Reproduce from the records below, with no pictures, exactly the lines between the one containing "Casa del Rio" and the one containing "Mikrotik LtAP - 300", inclusive.

┏━━

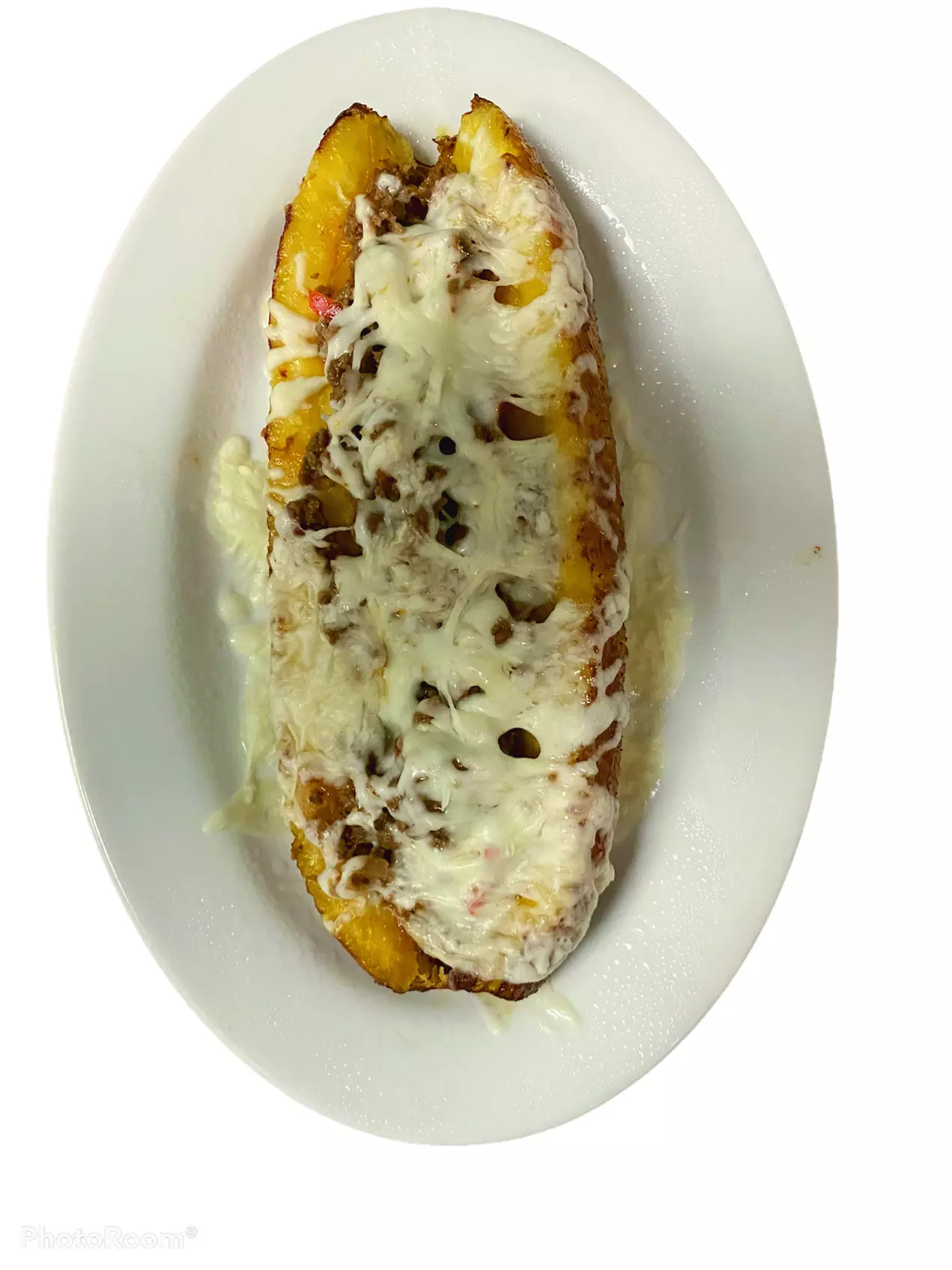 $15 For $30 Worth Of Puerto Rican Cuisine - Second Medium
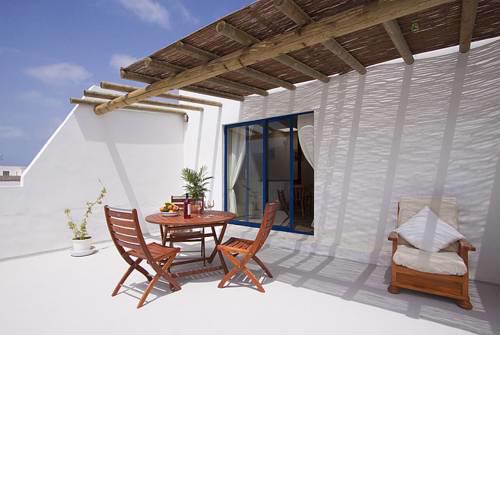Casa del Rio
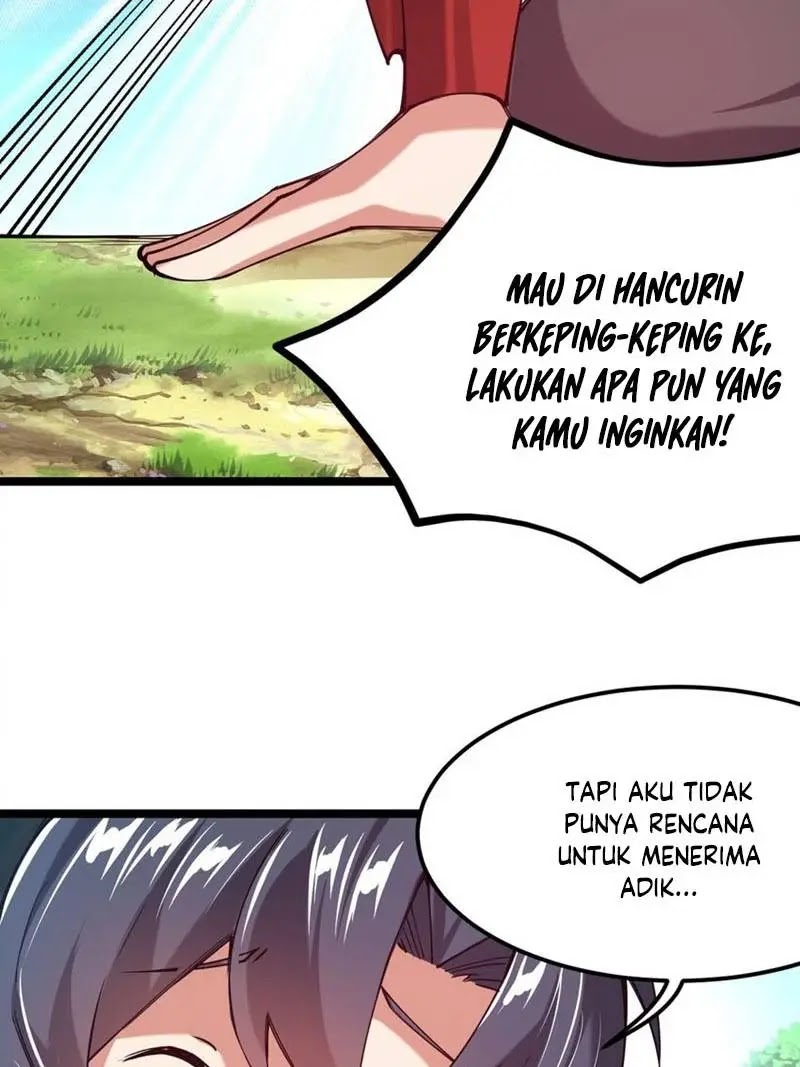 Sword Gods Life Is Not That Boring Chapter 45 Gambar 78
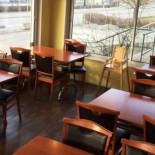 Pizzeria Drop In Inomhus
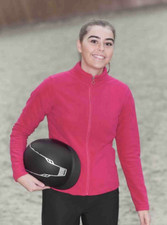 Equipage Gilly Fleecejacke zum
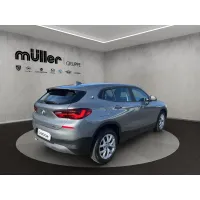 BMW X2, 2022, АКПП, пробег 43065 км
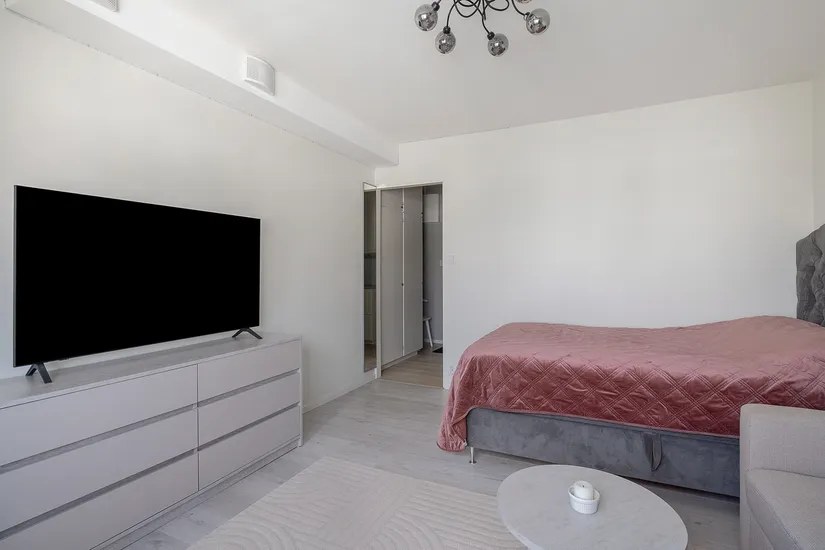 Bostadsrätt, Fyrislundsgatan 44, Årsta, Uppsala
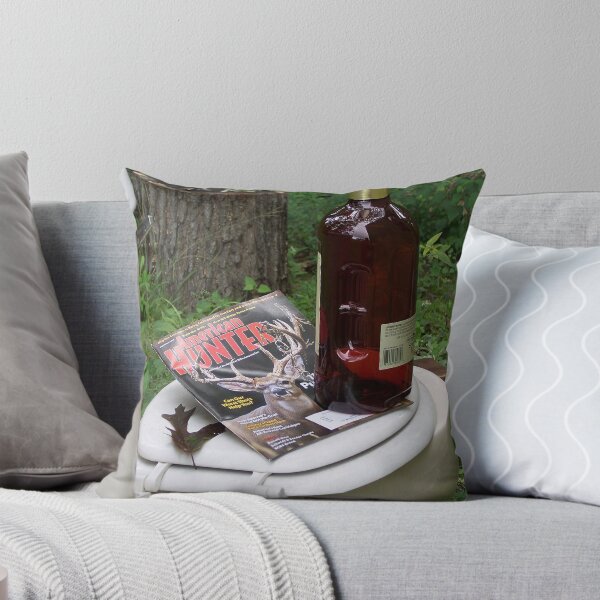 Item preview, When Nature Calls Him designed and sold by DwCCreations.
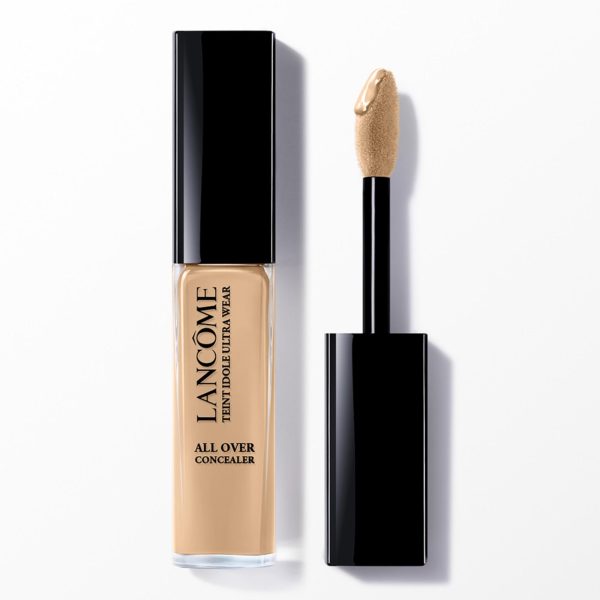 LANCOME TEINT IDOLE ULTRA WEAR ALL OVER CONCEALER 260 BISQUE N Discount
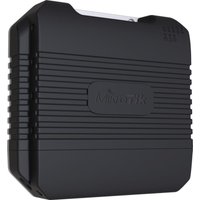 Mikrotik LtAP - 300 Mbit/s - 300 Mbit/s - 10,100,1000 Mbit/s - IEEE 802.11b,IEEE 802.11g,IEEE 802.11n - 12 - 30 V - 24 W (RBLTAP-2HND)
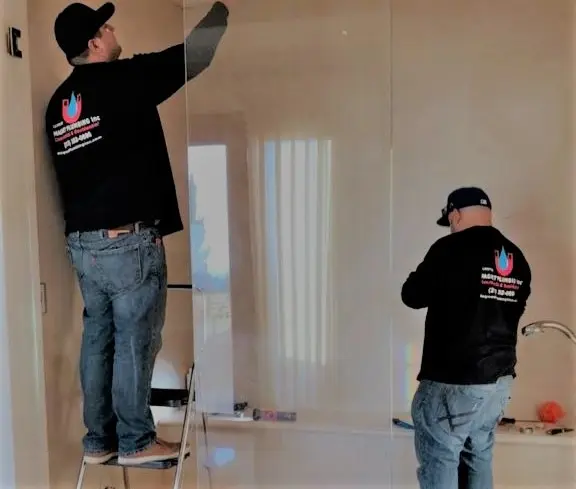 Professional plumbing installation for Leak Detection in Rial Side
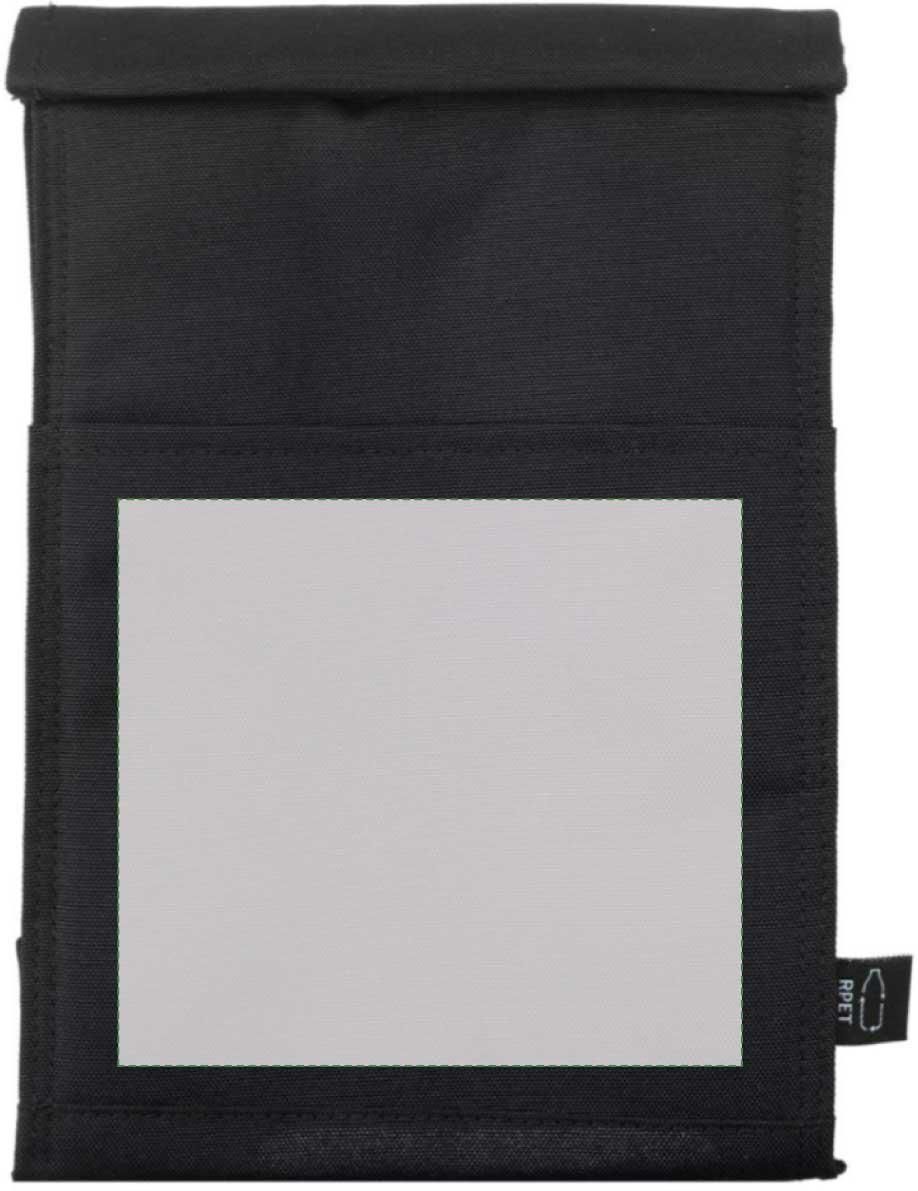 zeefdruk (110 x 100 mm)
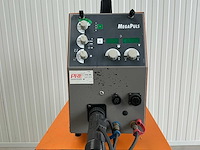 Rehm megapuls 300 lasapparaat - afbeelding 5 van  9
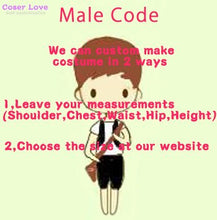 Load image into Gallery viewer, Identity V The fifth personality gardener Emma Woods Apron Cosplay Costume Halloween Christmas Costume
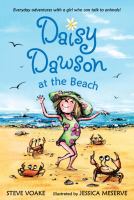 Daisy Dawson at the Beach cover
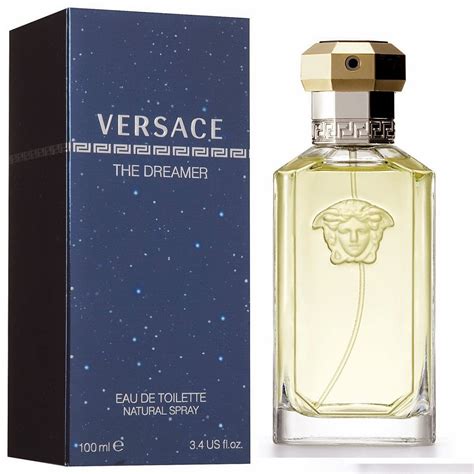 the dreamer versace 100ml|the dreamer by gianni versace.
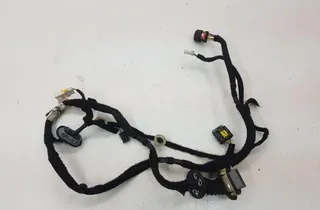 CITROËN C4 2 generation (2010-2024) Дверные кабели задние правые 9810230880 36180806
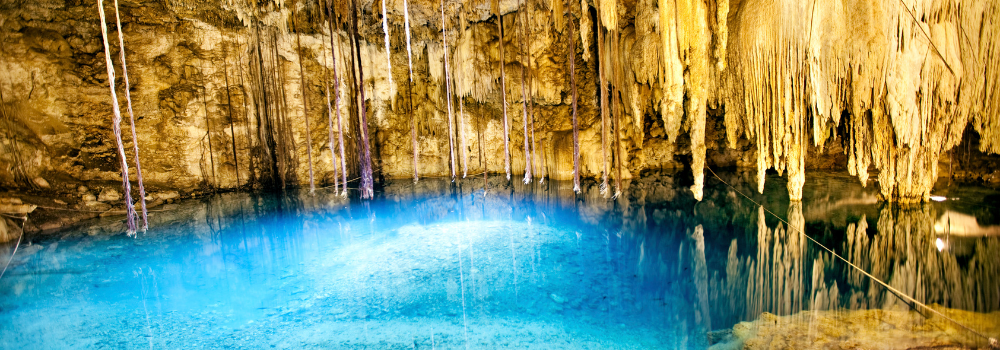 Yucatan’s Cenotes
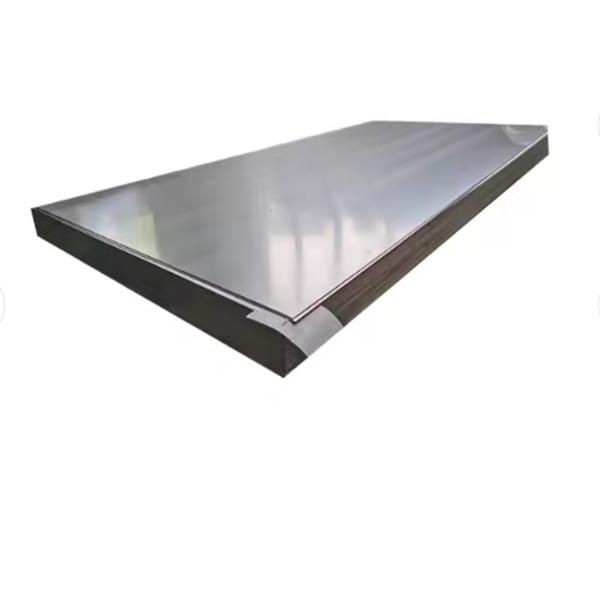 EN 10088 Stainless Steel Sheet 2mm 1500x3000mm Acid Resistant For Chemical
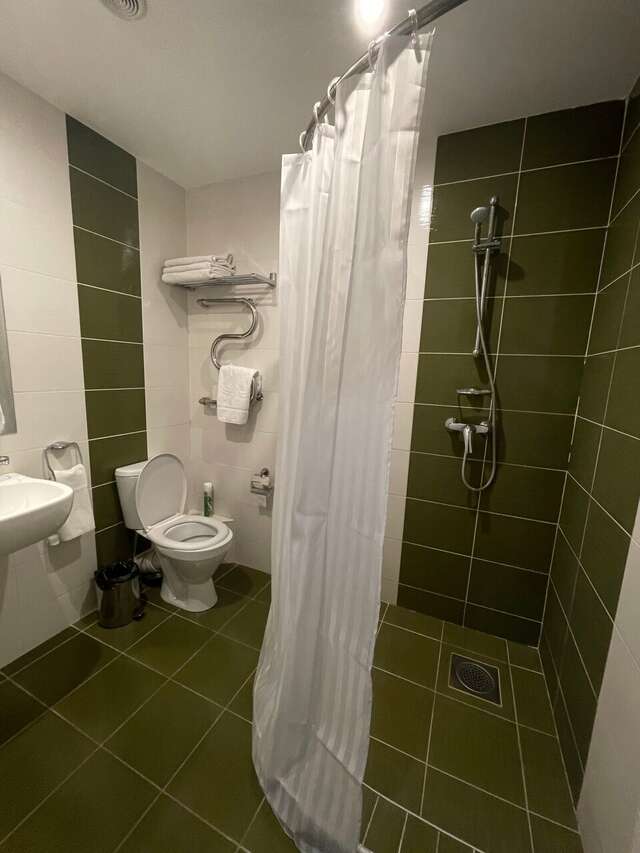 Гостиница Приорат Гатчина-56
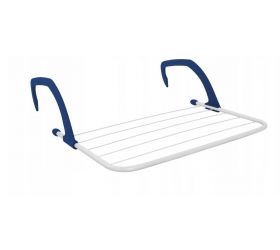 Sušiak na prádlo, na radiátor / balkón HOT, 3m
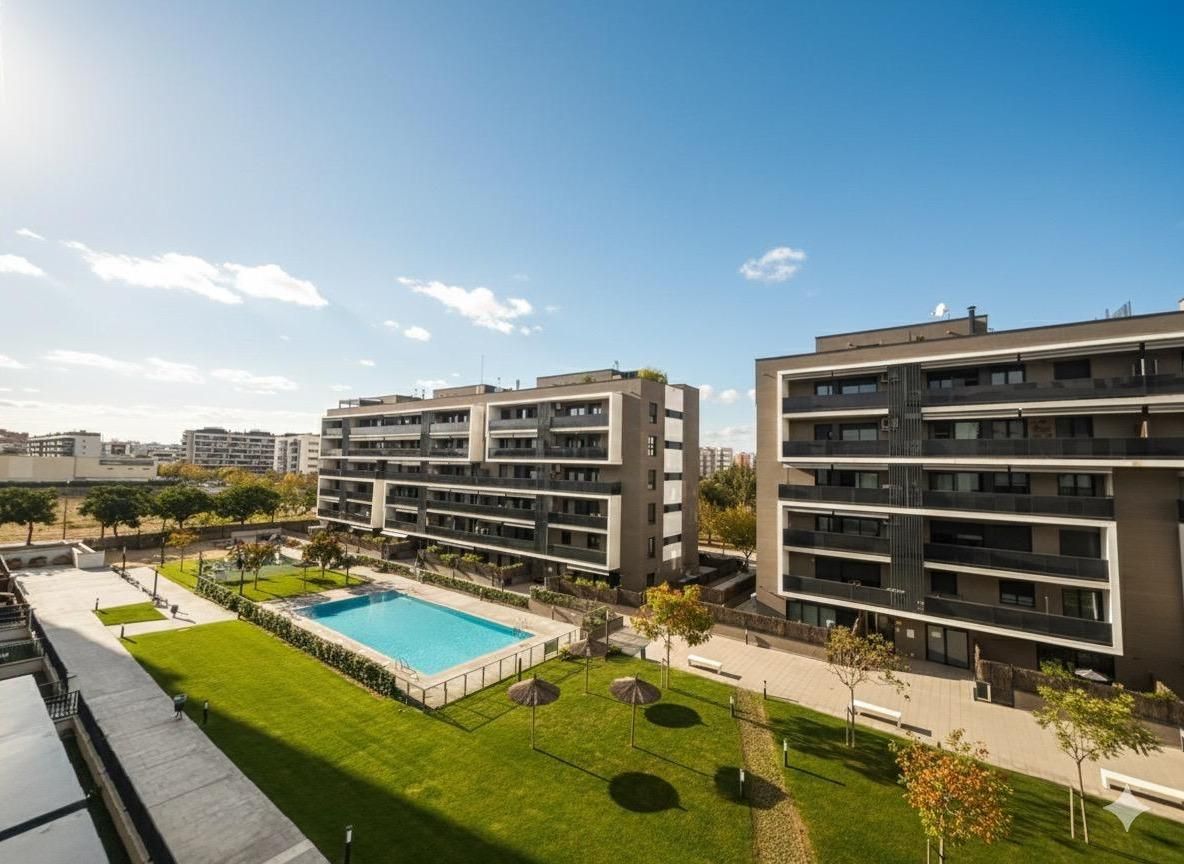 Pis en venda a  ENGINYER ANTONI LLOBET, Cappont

┗━━

| TASK RESULT |
Casa del Rio
 Sword Gods Life Is Not That Boring Chapter 45 Gambar 78
 Pizzeria Drop In Inomhus
 Equipage Gilly Fleecejacke zum
 BMW X2, 2022, АКПП, пробег 43065 км
 Bostadsrätt, Fyrislundsgatan 44, Årsta, Uppsala
 Item preview, When Nature Calls Him designed and sold by DwCCreations.
 LANCOME TEINT IDOLE ULTRA WEAR ALL OVER CONCEALER 260 BISQUE N Discount
 Mikrotik LtAP - 300 Mbit/s - 300 Mbit/s - 10,100,1000 Mbit/s - IEEE 802.11b,IEEE 802.11g,IEEE 802.11n - 12 - 30 V - 24 W (RBLTAP-2HND)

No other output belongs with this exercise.